For the records below, output word for word the lines from the one with "New Dendritic Opal" up to and including the one with "Campamento militar en". No pictures.
- Opening Delimiter -
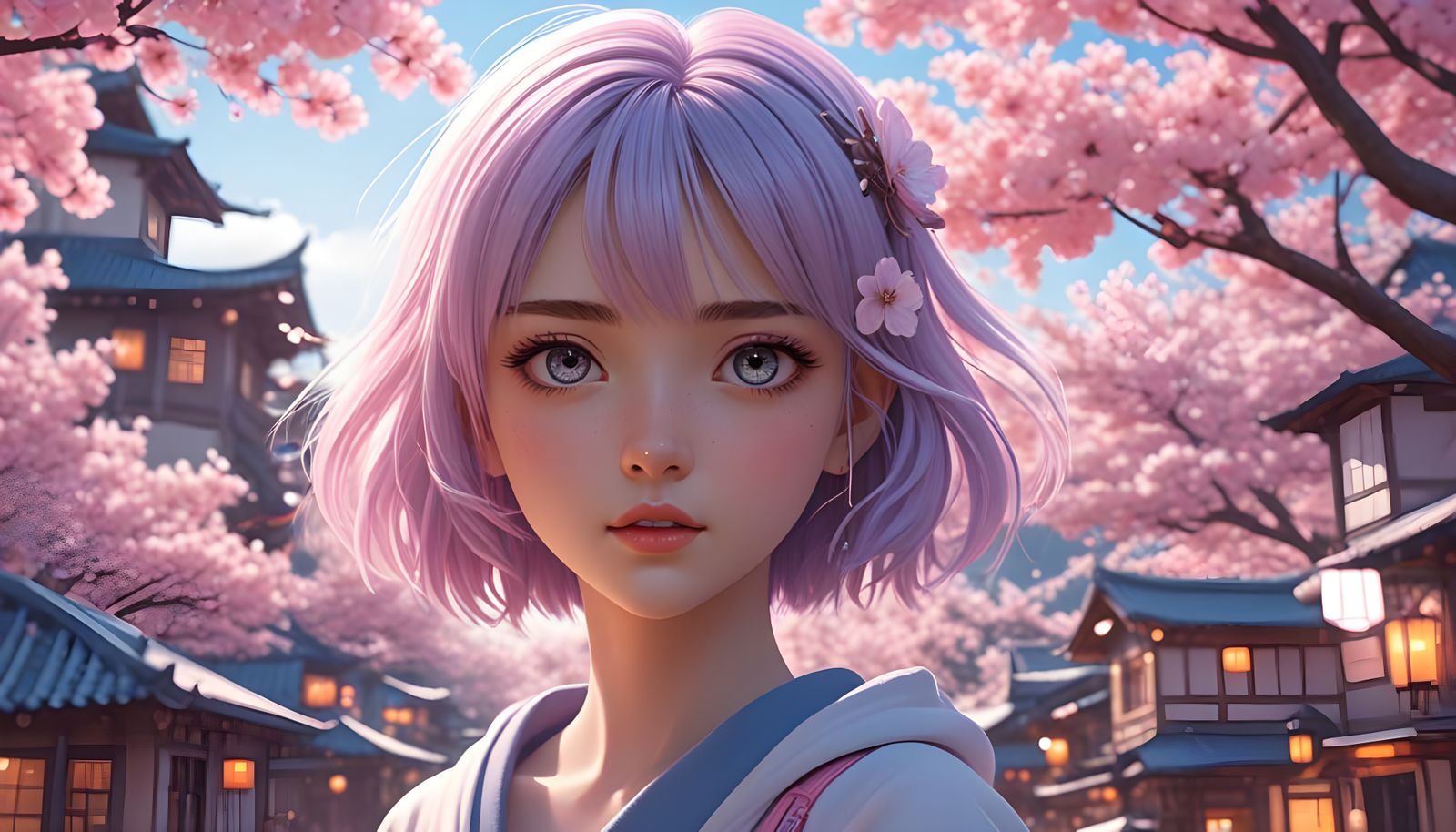 Anime Character in Floating Cyber Village with Cherry Blosso...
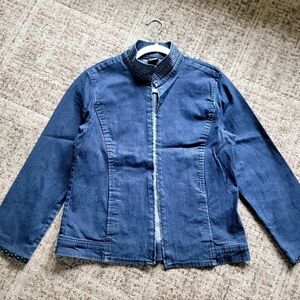 Eileen Fisher Open Front High‎ Collar Soft Denim Jacket Small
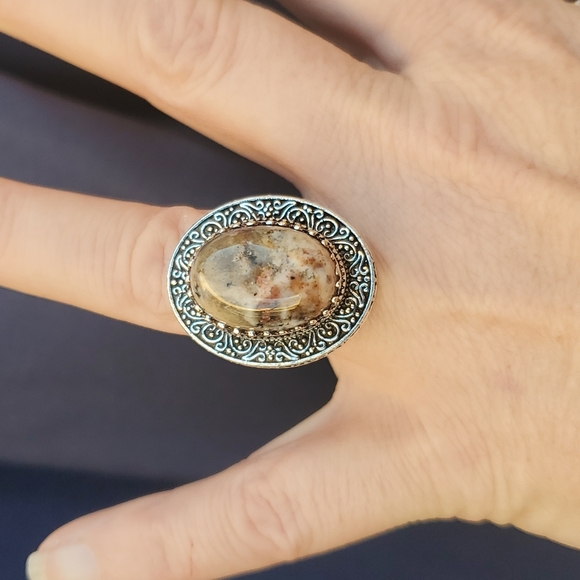 New Dendritic Opal 925 Silver Statement Ring. - Picture 7 of 16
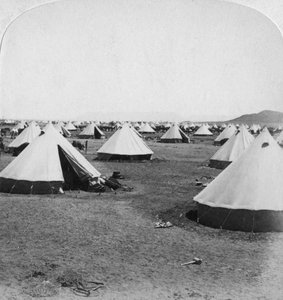 Campamento militar en De Aar, Sudáfrica, Guerra de los Bóeres, 1900 de Underwood and Underwood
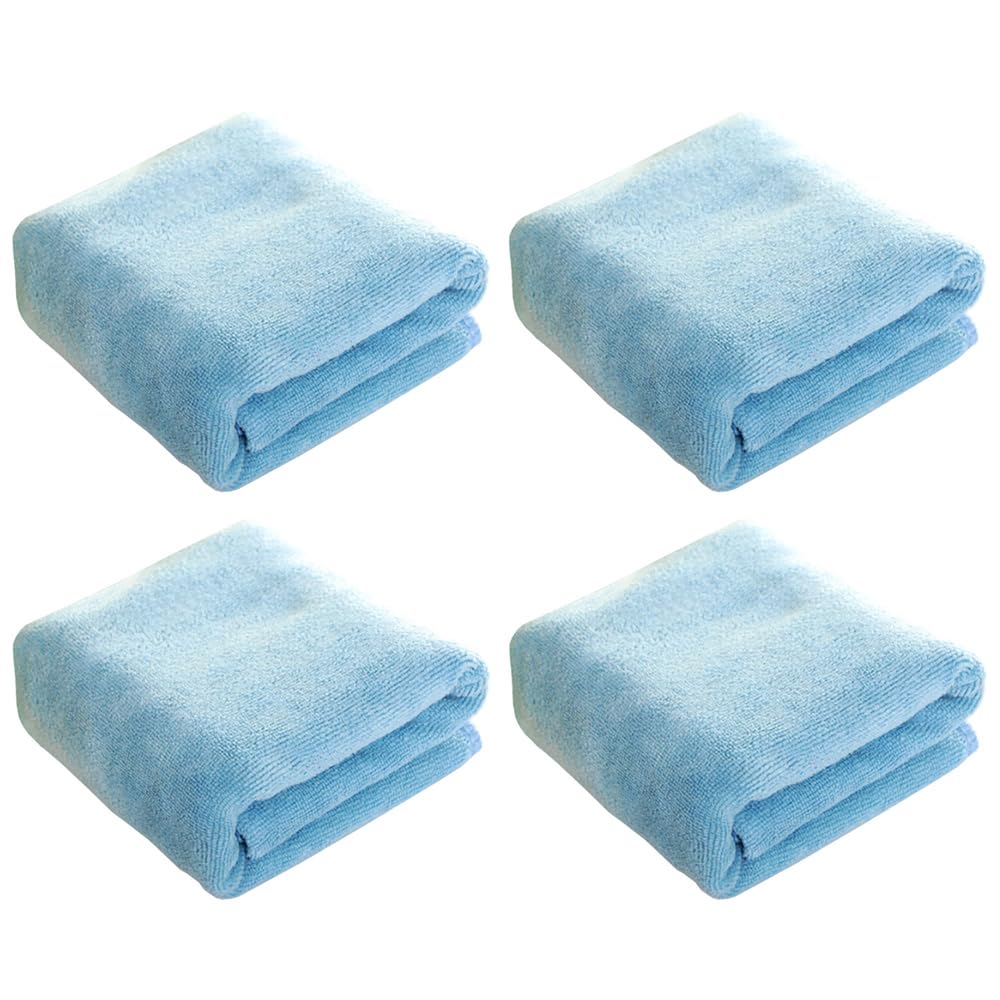 MOCNT 4 X Microfibre Towel 450GSM Bath Towels Quick Dry Sport Absorbent Travel Towel Microfibre Cloth Fast Drying Car Cleaning Towel Swimming Camping Hiking 35cm x 35cm Light Blue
- Closing Delimiter -
# EXERCISE RESPONSE
 New Dendritic Opal 925 Silver Statement Ring. - Picture 7 of 16
 Campamento militar en De Aar, Sudáfrica, Guerra de los Bóeres, 1900 de Underwood and Underwood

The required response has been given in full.